ActiveFence Integration#
NeMo Guardrails supports using the ActiveFence ActiveScore API as an input and output rail out-of-the-box (you need to have the ACTIVEFENCE_API_KEY
environment variable set).
rails:
input:
flows:
# The simplified version
- activefence moderation on input
# The detailed version with individual risk scores
# - activefence moderation on input detailed
The activefence moderation on input
flow uses the maximum risk score with an 0.85 threshold to decide if the text should be allowed or not (i.e., if the risk score is above the threshold, it is considered a violation). The activefence moderation on input detailed
has individual scores per category of violation.
To customize the scores, you have to overwrite the default flows in your config. For example, to change the threshold for activefence moderation on input
you can add the following flow to your config:
define subflow activefence moderation on input
"""Guardrail based on the maximum risk score."""

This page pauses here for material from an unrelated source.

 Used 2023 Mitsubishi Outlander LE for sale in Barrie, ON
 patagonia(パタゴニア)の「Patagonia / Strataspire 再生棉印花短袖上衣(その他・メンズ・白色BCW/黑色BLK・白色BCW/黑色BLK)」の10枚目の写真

$result = execute call activefence api
if $result.max_risk_score > 0.85
bot inform cannot answer
stop
ActiveFence’s ActiveScore API gives flexibility in controlling the behavior of various supported violations individually. To leverage that, you can use the violations dictionary (violations_dict
), one of the outputs from the API, to set different thresholds for different violations. Below is an example of one such input moderation flow:
define flow activefence input moderation detailed
$result = execute call activefence api
if $result.violations.get("abusive_or_harmful.hate_speech", 0) > 0.8
bot inform cannot engage in abusive or harmful behavior
stop
define bot inform cannot engage in abusive or harmful behavior
"I will not engage in any abusive or harmful behavior."